Por el relato de Cabello de Balboa, en su Historia del Perú, y por las excavaciones llevadas á cabo más tarde en la costa Norte del Perú, se ha podido indagar que, en la misma época en que florecía la civilización de Nazca, florecía también en el territorio que después fué conquistado por los Chimús, otra nación poderosa que, se supone, no solamente tuvo analogía con la adelantada civilización de Tiahuanaco, sino que fué predecesora de ésta. El jefe de esa nación, hábil y valiente, denominado Naymlap, arribó á las playas de Lambayeque en una numerosa flota de balsas, trayendo consigo una gran escolta, entre ella muchas concubinas; desembarcó en la desembocadura del río Taquislanga, y construyó en un lugar llamado Chof, un templo en el que depositó el ídolo Llampallac.

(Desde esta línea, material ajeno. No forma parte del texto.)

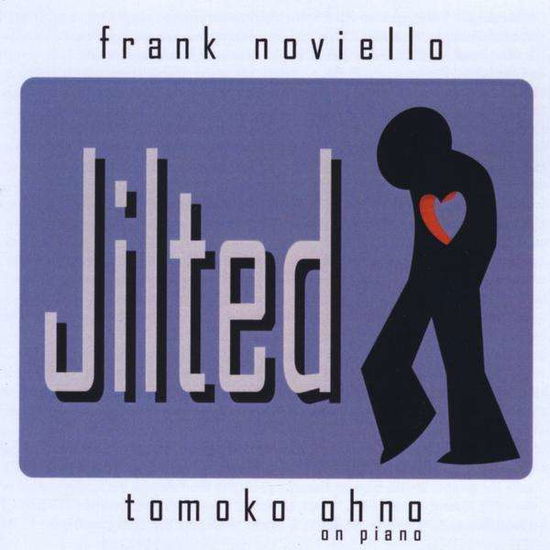 Cover for Frank Noviello · Jilted (CD) (2010)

Este jefe tuvo varios sucesores, cuya autoridad alcanzó á más de doscientos años, hasta que la nación cayó en tal estado de decadencia, que fué conquistada por los valerosos Chimús.

CIVILIZACIÓN DE TIAHUANACO[117]

Hay diversas tradiciones indígenas sobre el orígen de la civilización de Tiahuanaco.

Una basada en referencias mitológicas, supone que en remotísimos tiempos, apareció allí, una raza megalítica procedente de otras regiones y compuesta de Huiraccochos (caballeros blancos y con barba), cuyo jefe se llamaba Pacha-Manchachecc.

Otra tradición, se refiere á otras invasiones de pueblos de desconocida procedencia, que dominaron temporalmente en Tiahuanaco.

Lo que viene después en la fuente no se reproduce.